The World Trade Report finds the global economy grew at 3.7 percent last year, the second best performance since 2000. It says world trade grew by 8.5 percent in real terms last year.
"It is well above the average of the last 10 years where we had only a 6 percent growth in trade and now we had something between 8 and 8.5 percent," said Michael Finger, a senior economist at the World Trade Organization. "We had very strong worldwide economy, especially the developing countries have been exceptionally strong. China and India, in particular."
The report notes the U.S. economy is slowing down as the engine of global growth, while India and China continue to grow unabated.

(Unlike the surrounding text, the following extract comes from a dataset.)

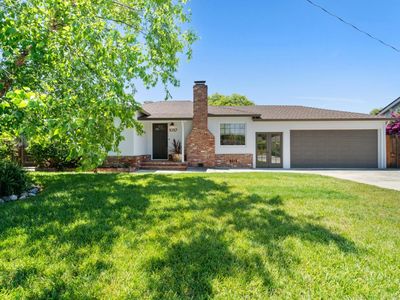 1057 Salerno Dr, Campbell, CA, 95008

It says U.S. exports have strengthened, while imports have slowed as a result of the plunging dollar.
On January 1, 2008, the multilateral trading system will celebrate its 60th anniversary. This year's World Trade Report marks this event with an in-depth look at the system administered by the World Trade Organization.
In overall terms, the report finds the multilateral trading system has served the world community well.
Senior WTO economist, Patrick Low, says trade has grown three times faster than world output over the last six decades.
"But, there is no denying that it is a mixed picture. It is a picture of mixed success. Whilst, I think few would argue with the assertion that the GATT [the General Agreement on Tariffs and Trade] system contributed notably to the reduction of industrial tariffs and industrial countries over many years. It has been much harder in agriculture," he said.
WTO Director-General, Pascal Lamy, says the multilateral trading system, which was created after World War II, has withstood many dramatic events, such as the fall of the Berlin Wall and the financial crisis of the 1990s.
He suggest protectionist policies may have contributed to the outbreak of World War II and warns the world may forget the lessons of history at its peril. The WTO chief says the world will benefit from resisting protectionist pressures.
"Trade opening is efficient and that opening more trade means creating more wealth. That is the sort of overall view that I think is a basic ideology that WTO members share," he said.
Lamy says it is possible to conclude the current round of trade talks next year.